Des centres sociaux trop… riches ?
Sur les centres sociaux, « notre appel à la solidarité entre associations leur avait déjà retiré 80 000 € pendant le Covid pour deux d’entre eux. Certains s’étaient ici plaint de cet acte antisocial, et maintenant il faudrait aller plus loin parce que la CRC le dit, parce que les centres sociaux sont trop riches ? La vie locale, ça ne se passe pas comme ça, c’est plus complexe, il y a des choix pour mener une politique, des projets de cohésion sociale, tout n’est pas comptabilité ». Enfin, sur le trop plein de contractuels, si cela est inhérent à certains services, comme l’informatique et la communication, il faut aussi compter dit la majorité sur la volonté de favoriser l’apprentissage avec 28 apprentis à Saint-Chamond ou encore le fait que l’on ne trouve pas toujours le toujours vivier nécessaire de personnes ayant leur concours de la fonction publique. Certains employés, contractuels depuis plusieurs années, ne l’ont pas obtenu. « Mais dès que l’on peut titulariser, on le fait, assure Béatrice Coffy, adjointe déléguée aux ressources humaines. D’ailleurs depuis le passage de la CRC, certains l’ont réussi ce concours. »

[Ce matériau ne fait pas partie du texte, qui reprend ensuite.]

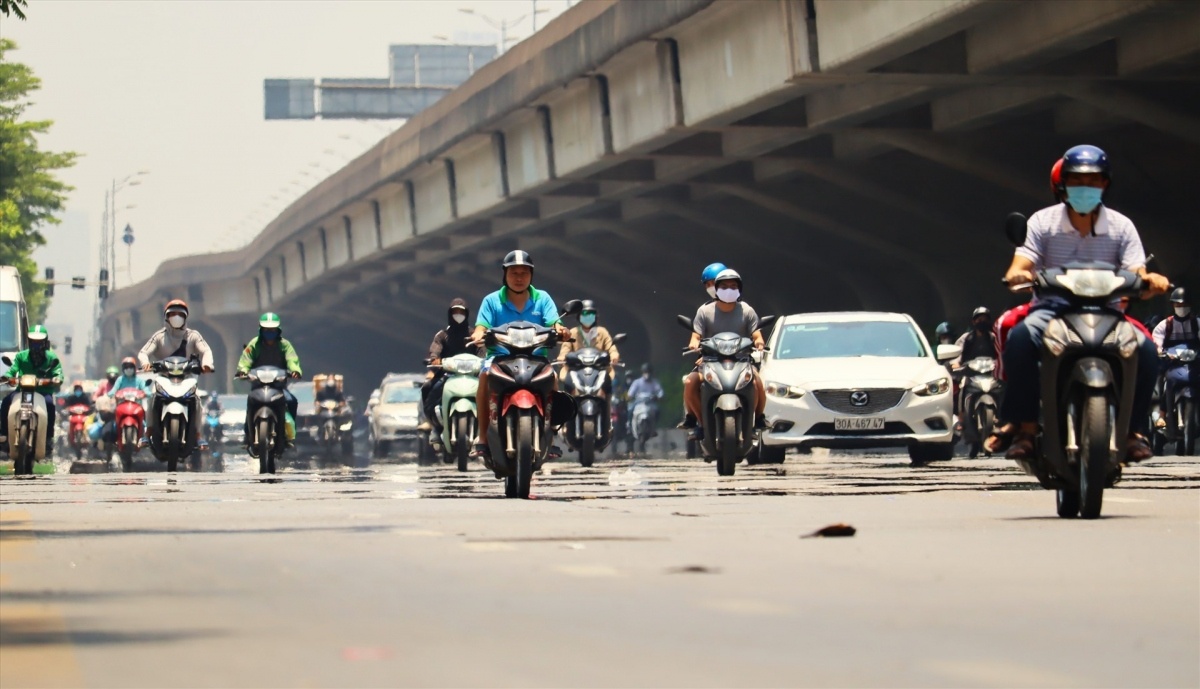 Thoi tiet ngay 13/7: Mien Bac va mien Trung tiep tuc nang nong gay gat hinh anh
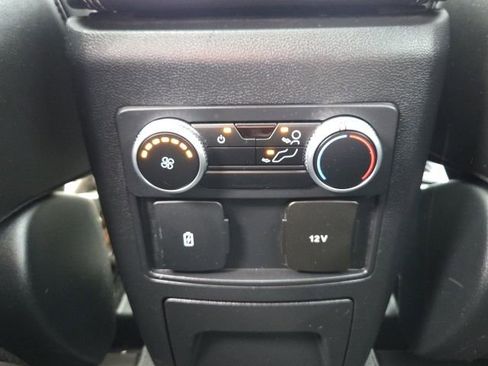 Used 2022 Ford Explorer XLT w/ Equipment Group 202A image 22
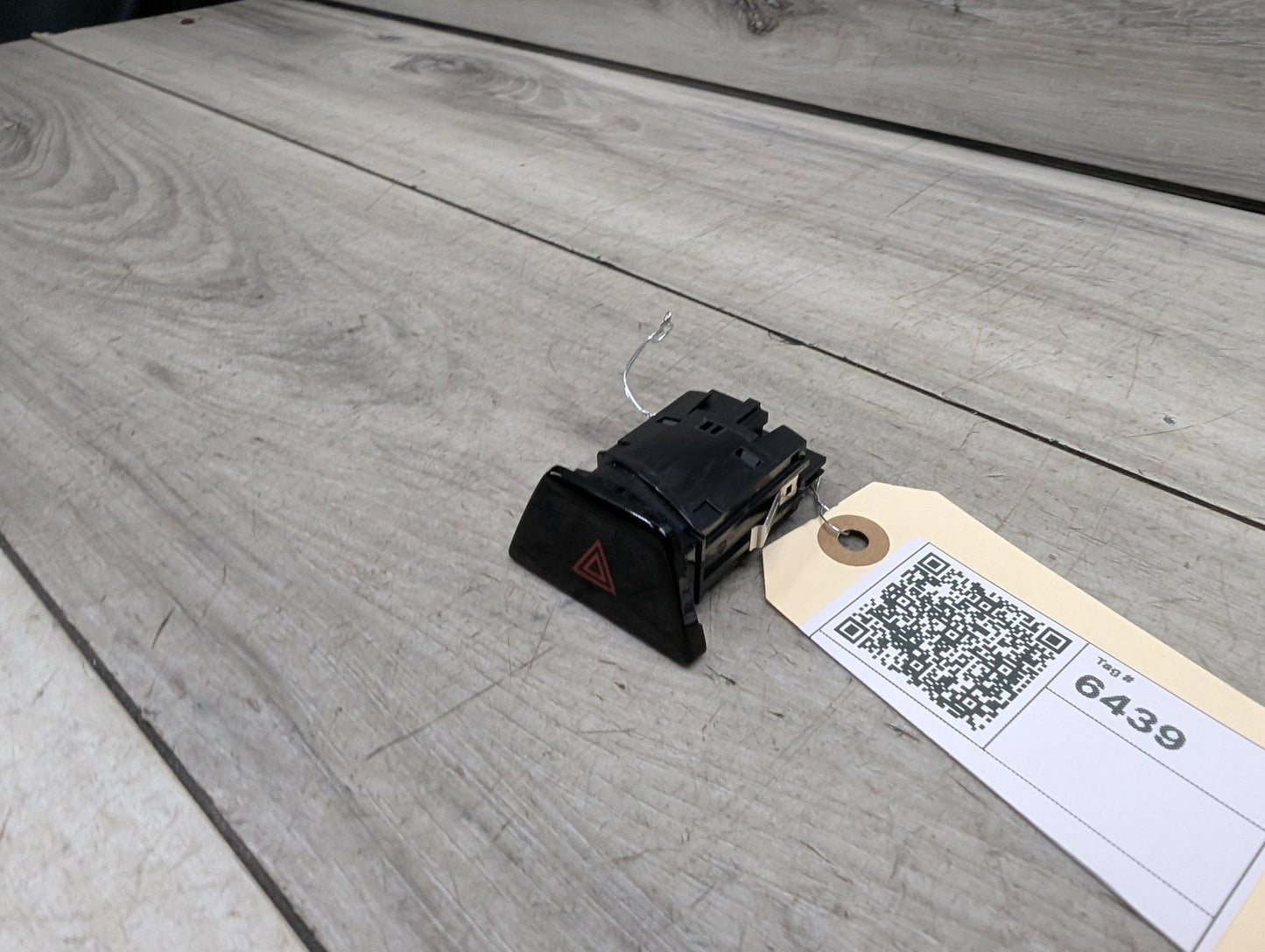 2017-2023 BMW 530i G30 Hazard Warning Switch 6993046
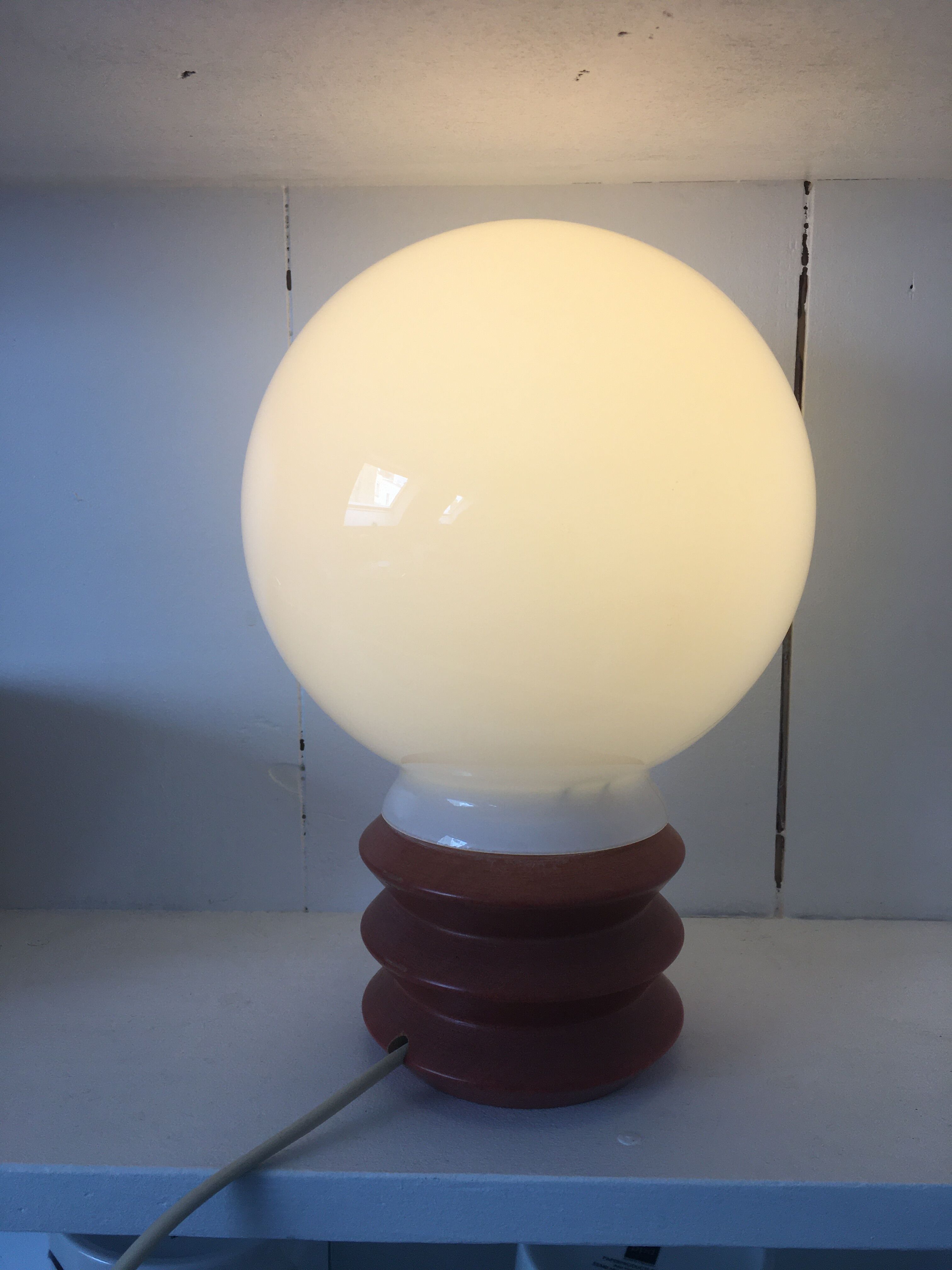 Lamp ball support wood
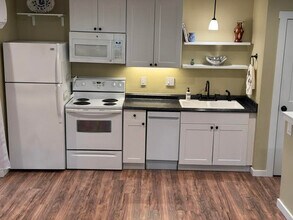 9235 SW 7th Ave, Unit B in Portland, OR - Building Photo - Building Photo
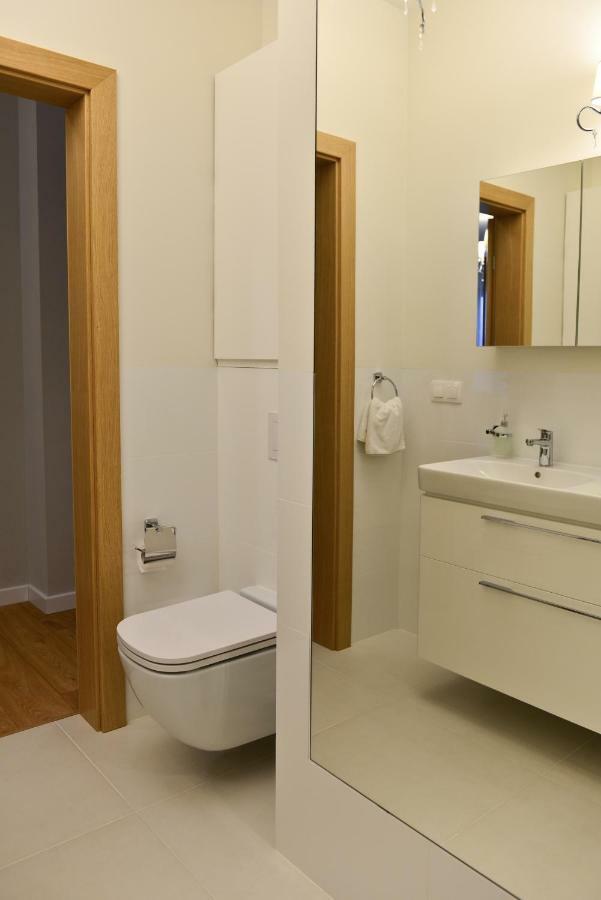 La Gioia Elegant Spacious Apartment Krasków Εξωτερικό φωτογραφία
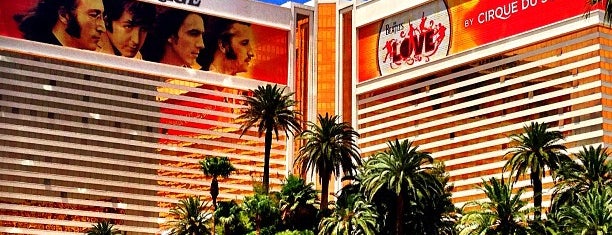 The Mirage Hotel & Casino is one of Tempat yang Disimpan Barry.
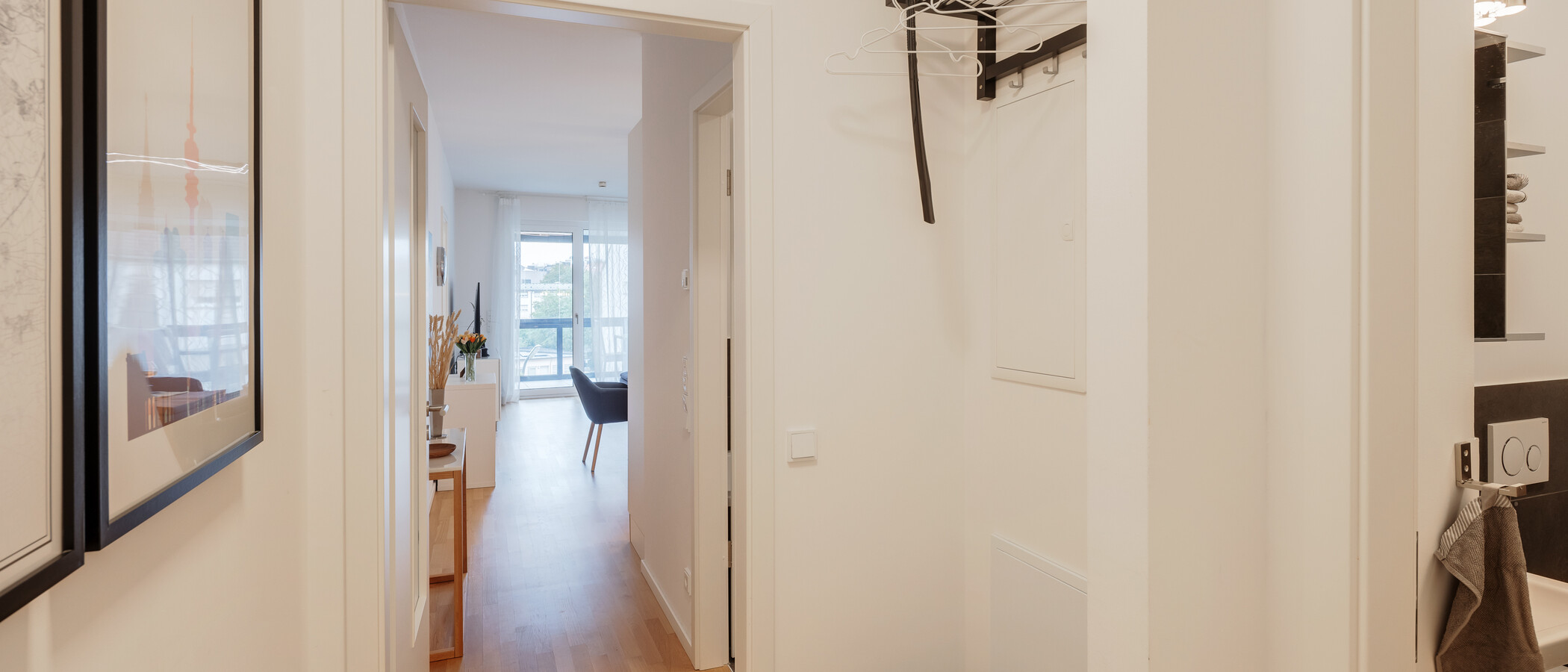 マンション München Neuhausen 01 玄関入り口 15011
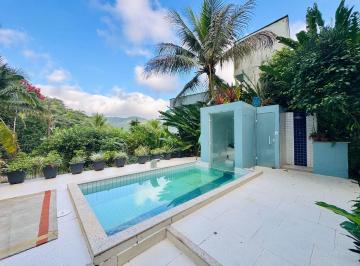 Casa · 151m² · 4 Quartos · 7 Vagas · Casa em Serra Grande, Niterói/RJ de 151m² 4 quartos à venda por R$ 850.000,00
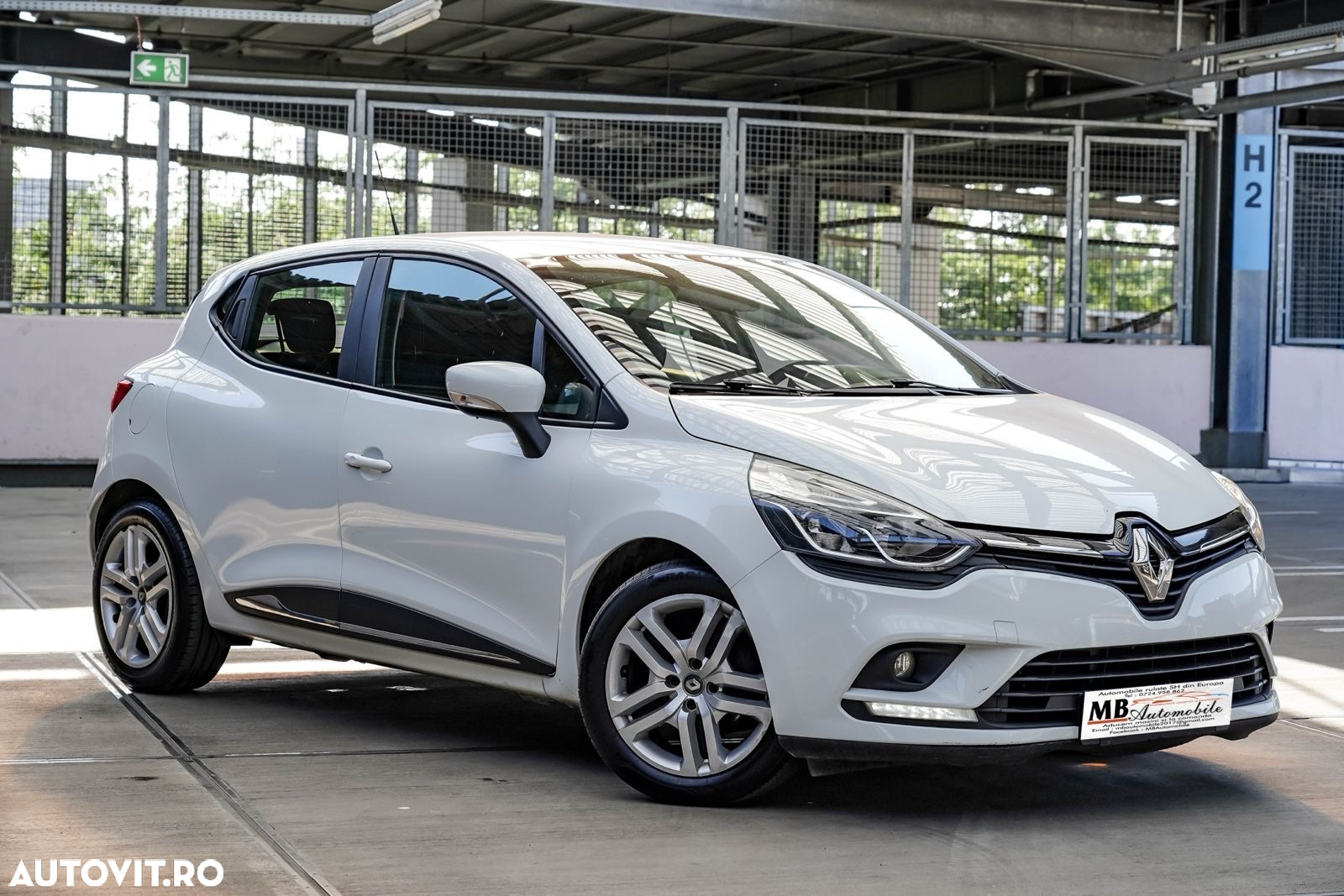 Renault Clio IV 1.2 Life - 4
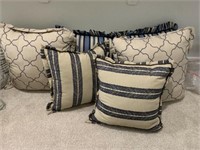 5 PC ASSORTED PILLOWS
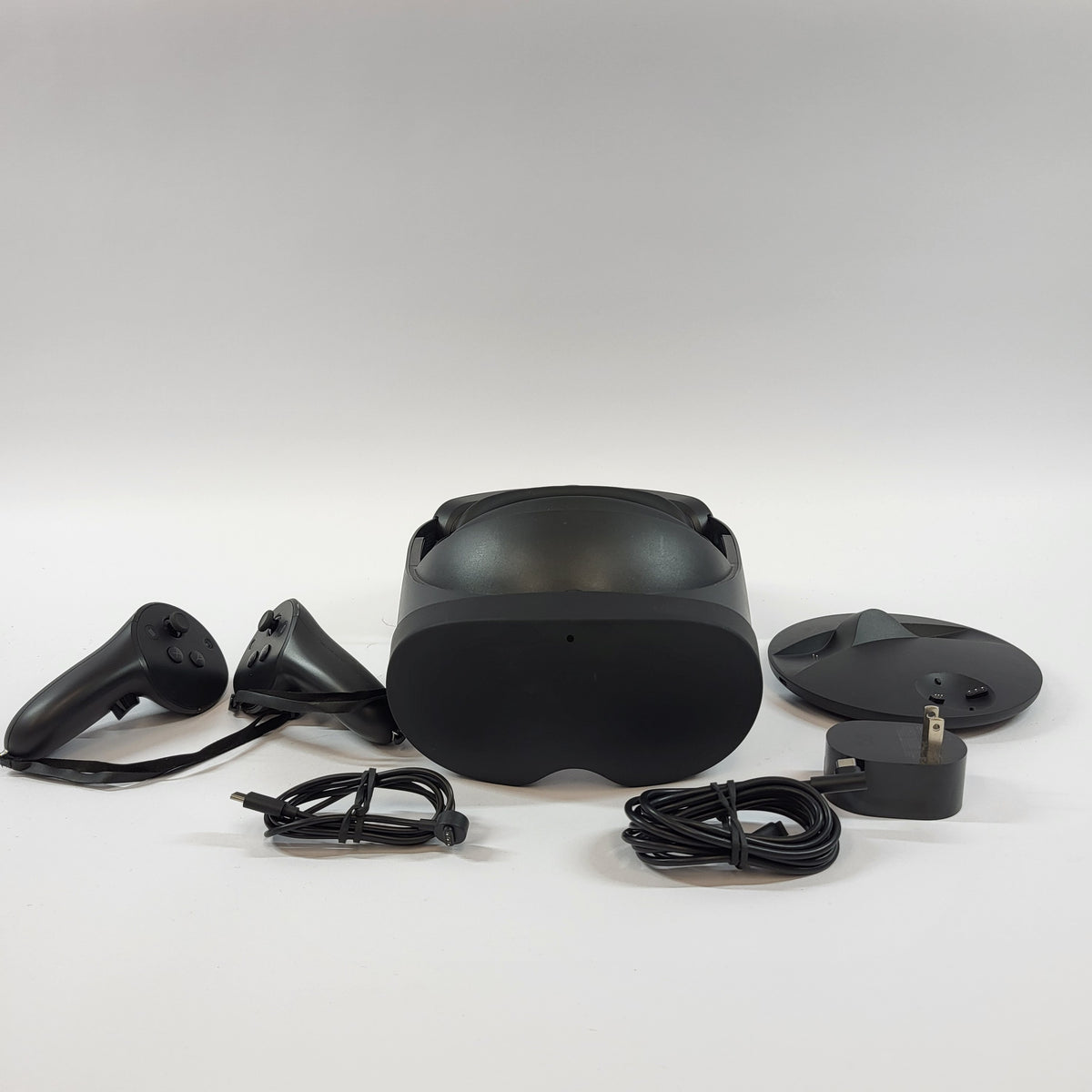 Meta Quest Pro 256GB Standalone All-in-One VR Headset DK94EC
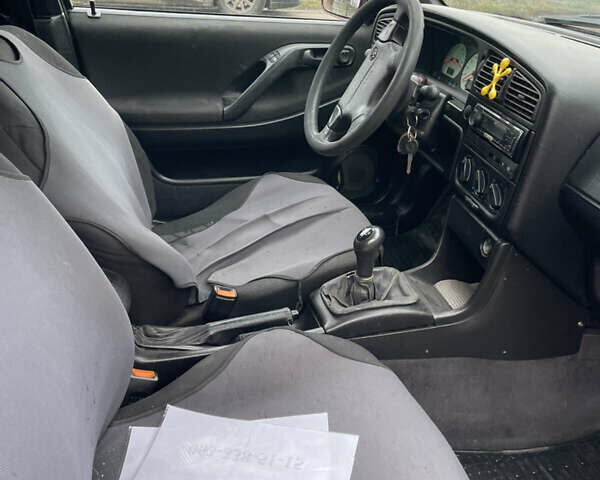 Червоний Фольксваген Пассат, об'ємом двигуна 1.9 л та пробігом 440 тис. км за 1900 $, фото 5 на Automoto.ua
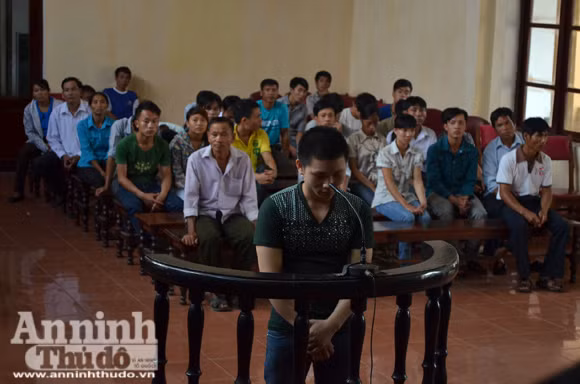 Bị cáo Nhân trước vành móng ngựa 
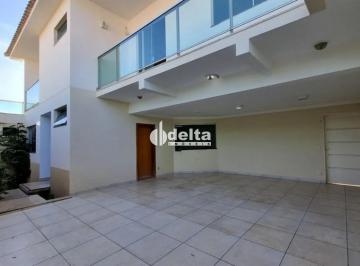 Comercial · 510m² · 2 Vagas · Casa disponível para locação no bairro Martins em Uberlândia-MG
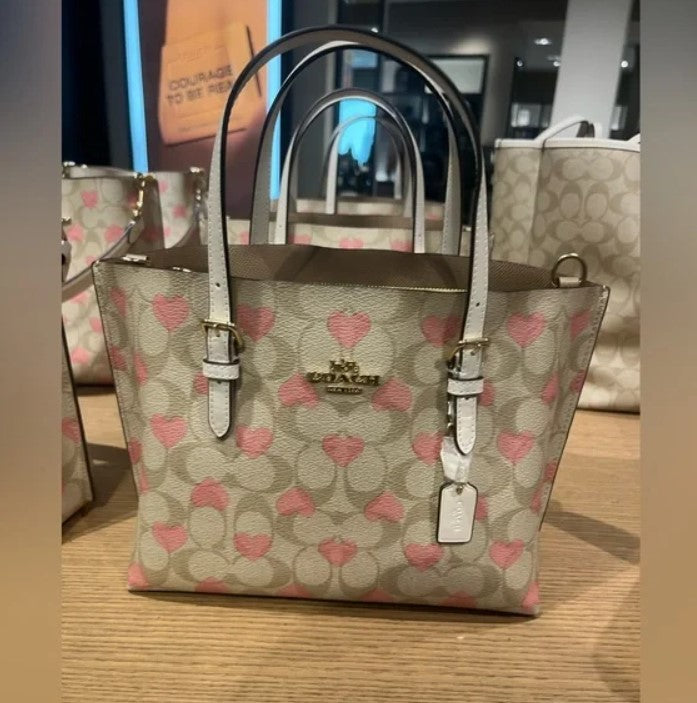 New! 💕💕Coach Mollie Tote 25 In Signature Canvas With Heart Print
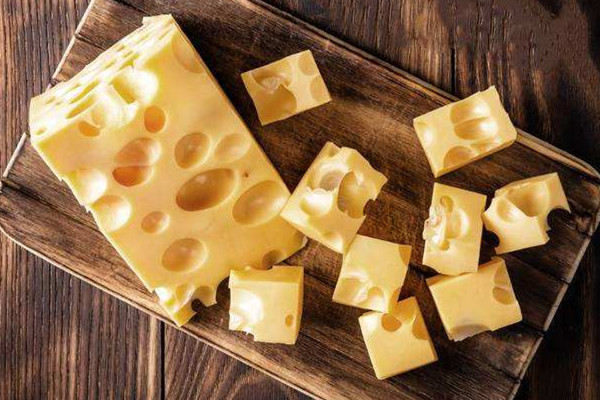 奶酪是不是就是芝士 奶酪和牛奶哪個營養(yǎng)價值高 奶酪是不是就是芝士 奶酪和牛奶哪個營養(yǎng)價值高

*Les 11 recommandations de la CRC Aura
- Recommandation n° 1 : Mettre en œuvre les dispositifs obligatoires d’information et de communication du conseil municipal concernant l’activité de Saint-Étienne Métropole.
- Recommandation n° 2 : S’assurer d’un compte-rendu exhaustif des décisions prises par délégation du conseil municipal.
- Recommandation n° 3 : Élaborer un règlement budgétaire, comptable et financier.
- Recommandation n° 4 : Informer de manière complète les élus en présentant les engagements pluriannuels, en renseignant précisément les annexes règlementaires des documents budgétaires et en faisant figurer à l’appui du compte administratif les comptes certifiés des organismes bénéficiant des subventions supérieures à 75 000 € ou représentant plus de 50 % du produit figurant au compte de résultat de l’organisme.
- Recommandation n° 5 : Améliorer la fiabilité des comptes en matière de restes à réaliser et de constitution de provisions.
- Recommandation n° 6 : Élaborer une stratégie financière pluriannuelle et améliorer le pilotage.
- Recommandation n° 7 : Rechercher des financements externes pour les projets d’investissement.
- Recommandation n° 8 : Procéder à un recensement exhaustif des besoins prévisionnels annuels, afin d’organiser les procédures de mises en concurrence en adéquation avec les différents seuils de passation des marchés publics définis réglementairement.
- Recommandation n° 9 : Mettre en place sans délai un pilotage des effectifs et de la masse salariale et instaurer une gestion prévisionnelle des emplois et des compétences.
- Recommandation n° 10 : Procéder aux prochains recrutements ouverts à des contractuels dans le respect des dispositions du code général de la fonction publique et du décret n° 88 145 du 15 février 1988.
- Recommandation n° 11 : Élaborer un schéma directeur pour le patrimoine.